It’s easy to believe that the planet is frying and that nobody – not even the scores of world leaders who are about to descend on Paris for crucial climate negotiations – is doing anything about it.

Wrong. While Paris won’t stop global warming, it can slow it – and around the world some extraordinary things are happening that kindle hope and optimism.

“It isn’t too late. Is the door closing? Absolutely. But when I look at a door and see a tiny little crack I’m like, well, we are walking through that crack” – UN climate chief Christine Figueres

In this one-hour Foreign Correspondent special, Eric Campbell criss-crosses the continents to see not only what is at stake but also what is being done to cut carbon pollution.

He heads to Costa Rica which has made a virtue of oil and coal poverty and is re-branding itself as a deep green emerald of eco-tourism. It plans to be carbon neutral by 2021 and recently went 75 days straight using just renewable power – wind, solar, hydro and thermal.
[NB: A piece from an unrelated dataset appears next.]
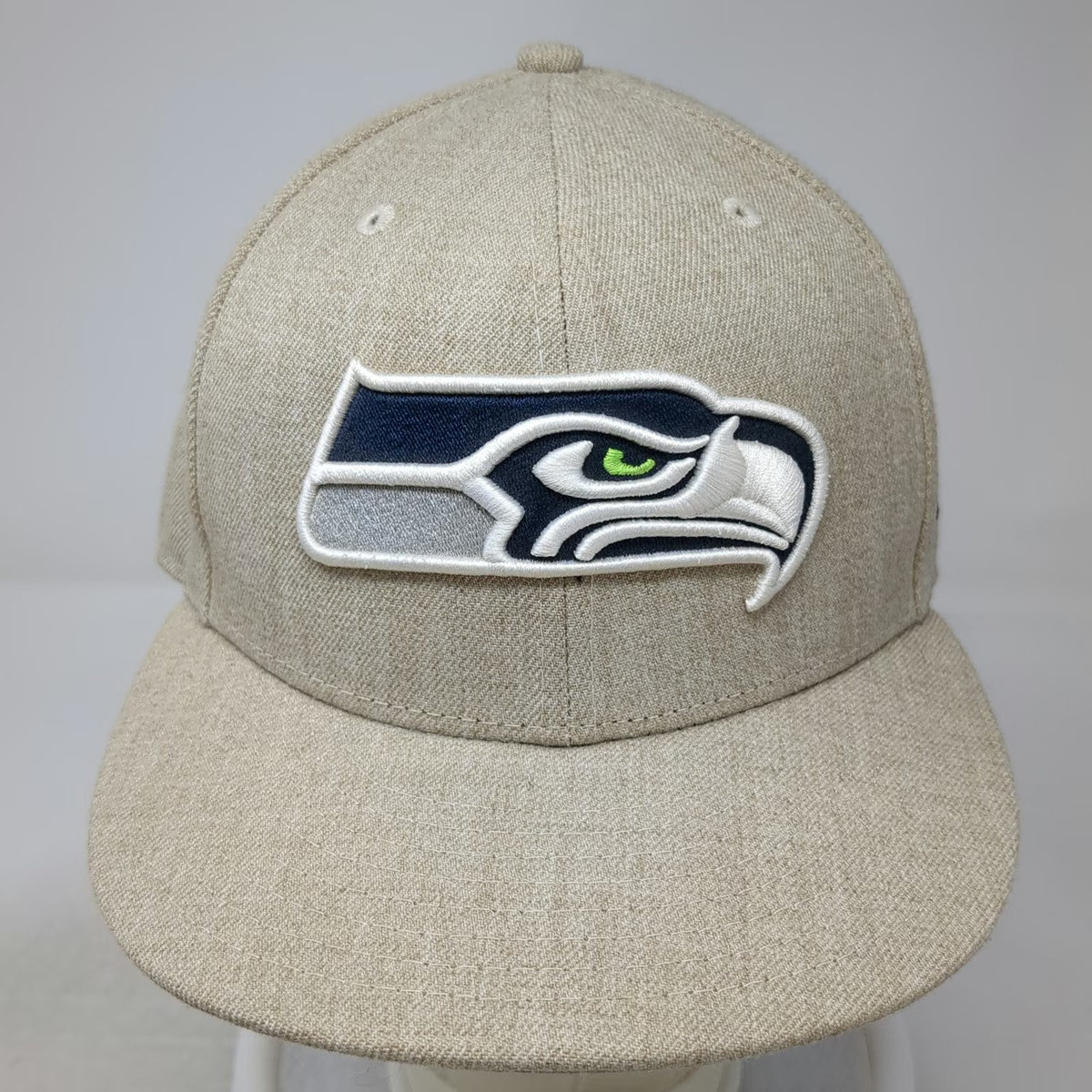 New Era Seattle Seahawks NFL Cap Beige 7 1/2 59FIFTY Fitted Hat Logo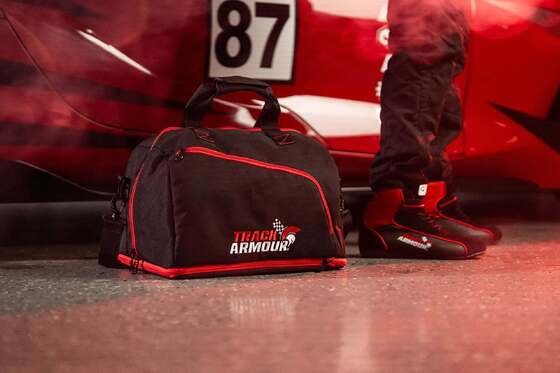 Helmet Bag with Extendable Shoe Compartment | Fleece Lined 600D Oxford Track & Motorcycle Gear Bag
“We are very proud in Costa Rica to have a model that guarantees us our own energy” – Elbert Hidalgo, Costa Rica state power company

In Germany, a Foreign Correspondent drone camera cruises among spectacular forests of wind turbines built on land and far out to sea. Germany has 22,000 turbines – Australia has fewer than 2000 – and consumers pay a renewables levy to ease the transition from coal and nuclear power.

“Within 30, 35 years there’s not a future for (coal) in Germany” – Ingrid Nestle, senior energy official

In Antarctica, the epicentre of climate research, a British scientist uses a homespun explanation for the dramatic effect that melting land ice has on sea levels:

“It’s like putting more ice into your gin and tonic. If you put more ice into your gin and tonic the level goes up!” – Professor Peter Convey

From a land of melting ice to a land of rising water: Miami, USA – where Campbell finds that waterfront property is still hot – despite projections that a lot of it will end up under water. Authorities build costly sea walls to protect real estate and roads from tidal flooding.

“The cost of holding back the sea is enormous and it’s going to increase dramatically over time” – Keren Bolter, geoscientist and Miami resident

On America’s western flank, in California, there’s too little water. In the town of Porterville, drought has accentuated the race and class divide. Hispanics used to rely on wells that have long dried up; now they depend on donated bottles to drink and community showers to bathe. Mainly white residents still enjoy piped water.

But just a few hours away, California’s Bay Area is abuzz with optimism as a new wave of young solar entrepreneurs mine ideas and connect them to cash. One venture installs solar power for Kenyan villagers who pay for what they use by phone, no bank account required. California plans to be 50 per cent renewable by 2030.

“The solar industry has employed 55,000 Californians – more than Twitter, Google, Facebook and Apple combined” – Australian Danny Kennedy, co-founder of Sungevity in California.

8.30pm Monday November 30 on ABC.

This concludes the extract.